**PROBLEM DETAILS:** As written and without pictures, set down the lines from the one that contains "回老家参加喜宴，就爱这吃大席的热闹劲，喝点小酒唠唠家常！" through the end of the data.
++++ RECORDS SHOWN
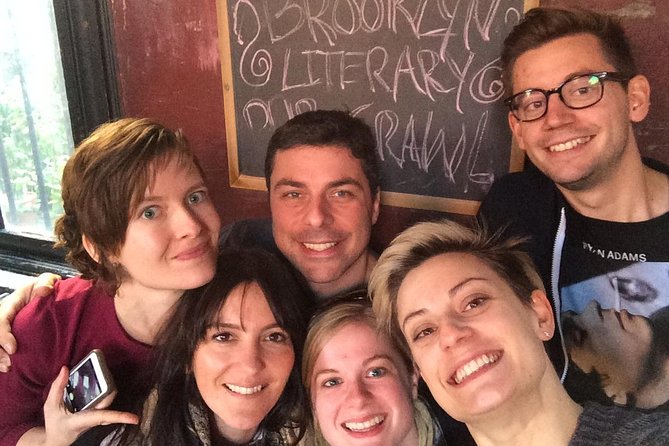 Brooklyn Literary Pub Crawl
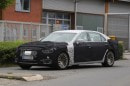2017 Hyundai Equus Spyshots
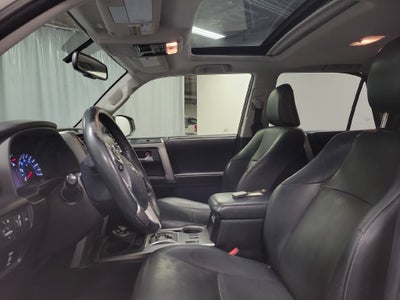 2015 Toyota 4Runner Limited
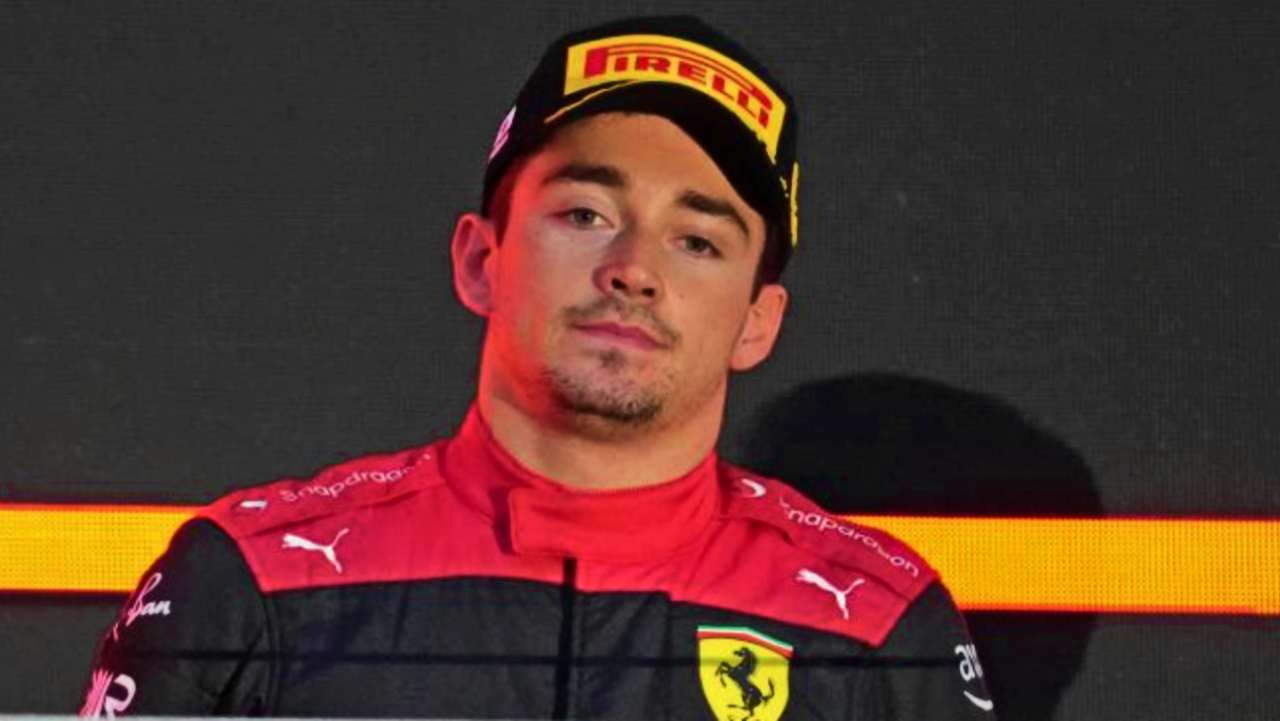 LeClerc preso in giro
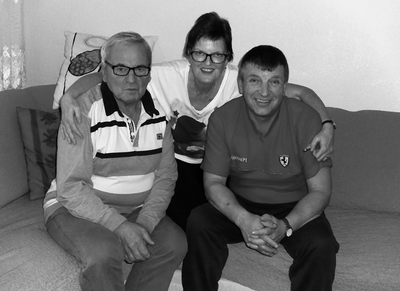 Heike und Ralf Gerber
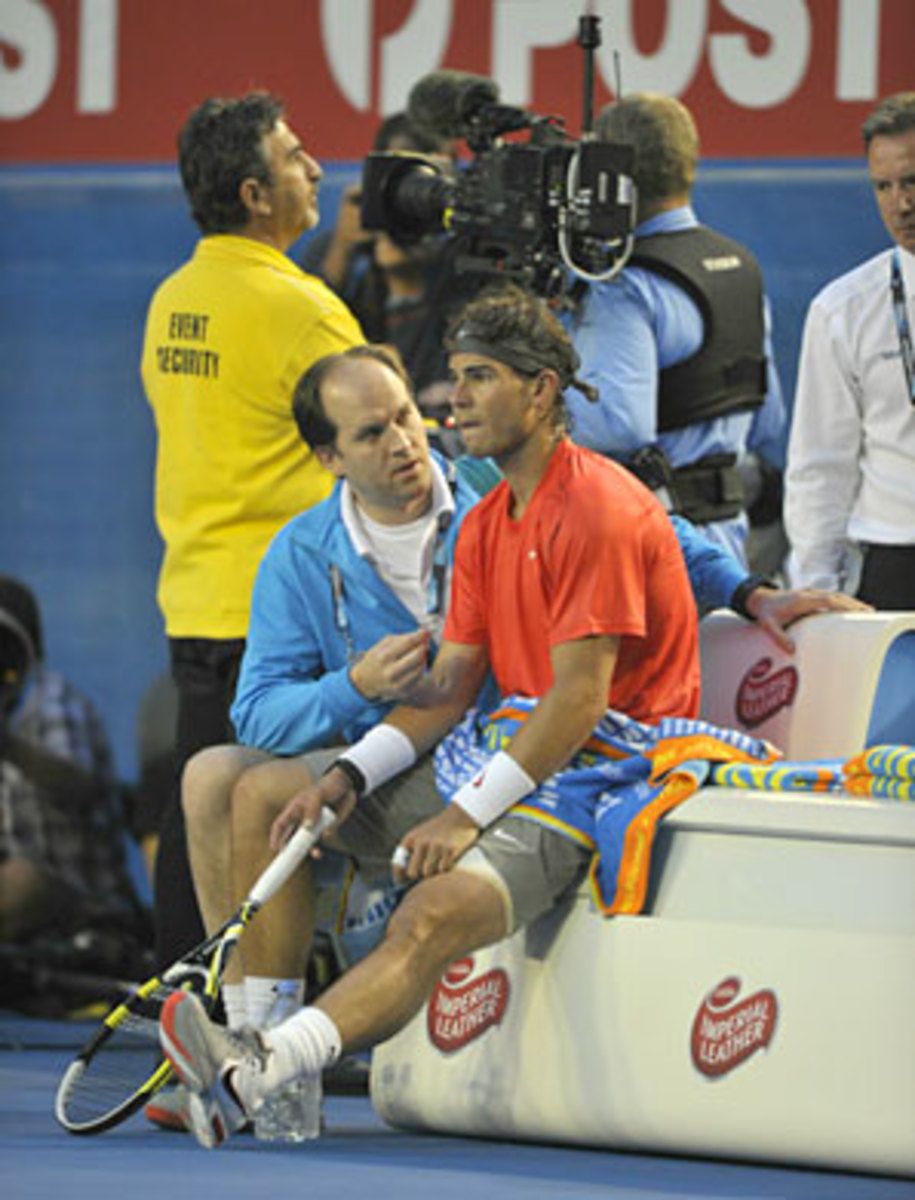 Rafael Nadal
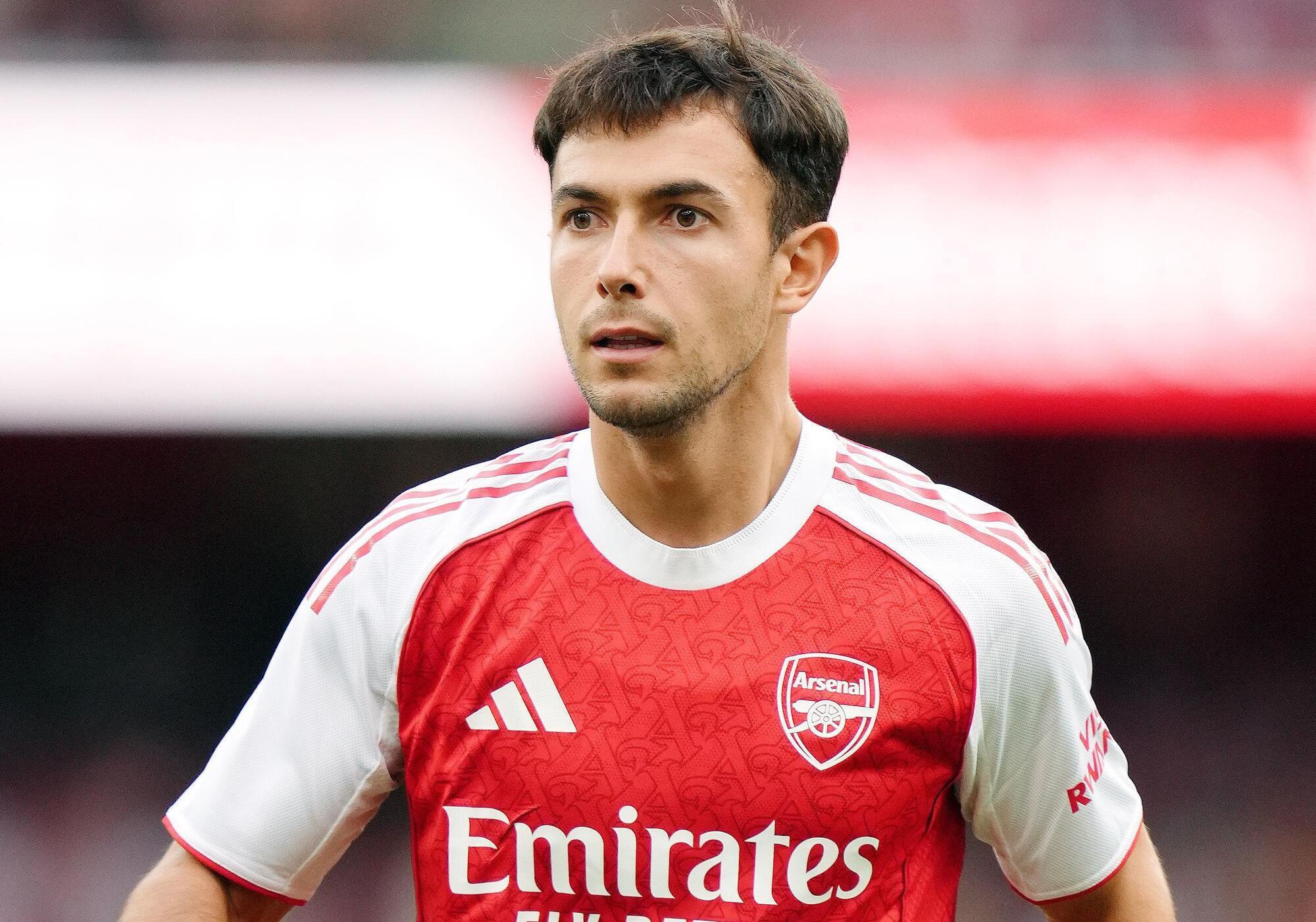Can Zubimendi form an effective partnership with Declan Rice and impose himself as the midfield fulcrum? File picture: John Walton/PA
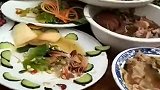 回老家参加喜宴，就爱这吃大席的热闹劲，喝点小酒唠唠家常！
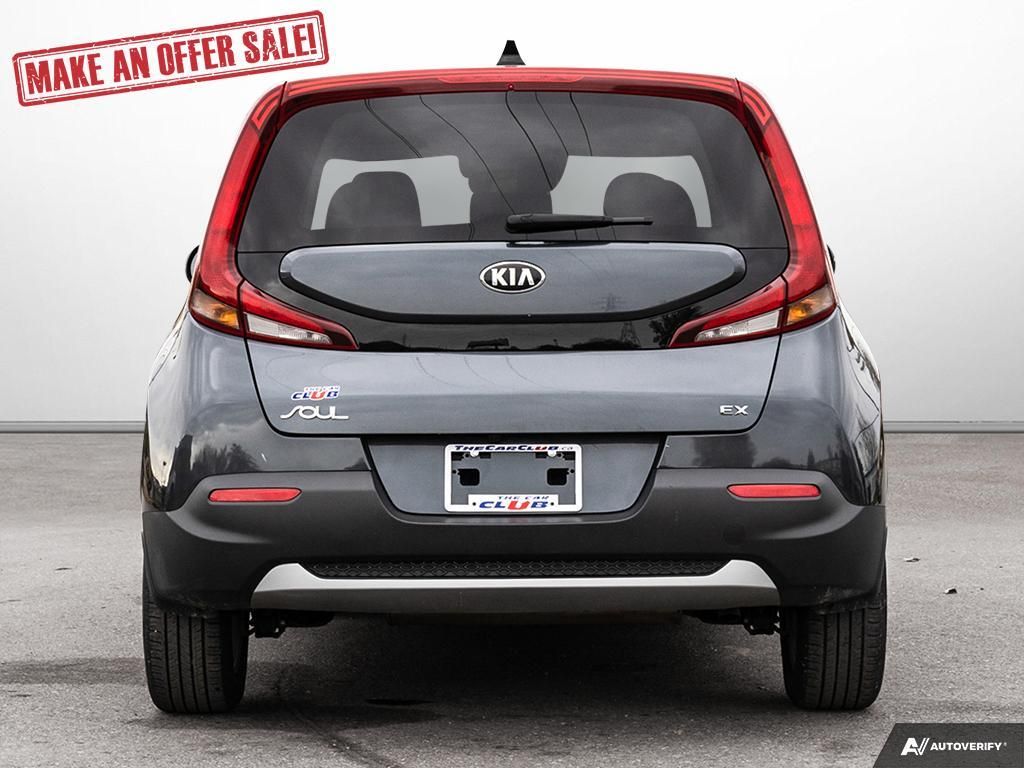 2021 Kia Soul EX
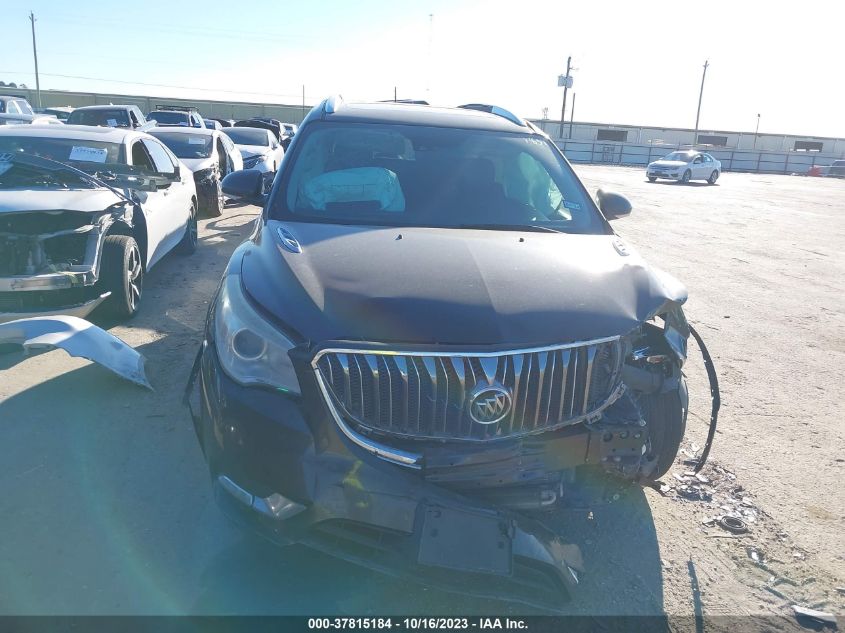 2014 BUICK ENCLAVE PREMIUM - 5GAKRCKD3EJ183851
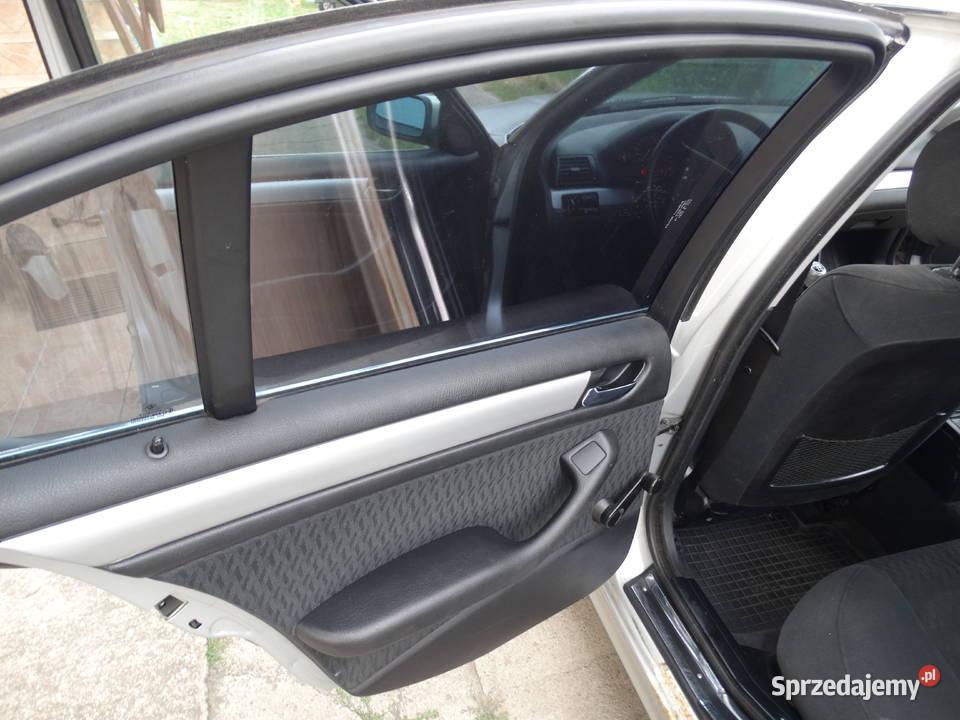 bmw e46 320i 1999r r6 Seria 3 Tuchola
++++++++
**RESPONSE BELOW:**
 回老家参加喜宴，就爱这吃大席的热闹劲，喝点小酒唠唠家常！
 2021 Kia Soul EX
 2014 BUICK ENCLAVE PREMIUM - 5GAKRCKD3EJ183851
 bmw e46 320i 1999r r6 Seria 3 Tuchola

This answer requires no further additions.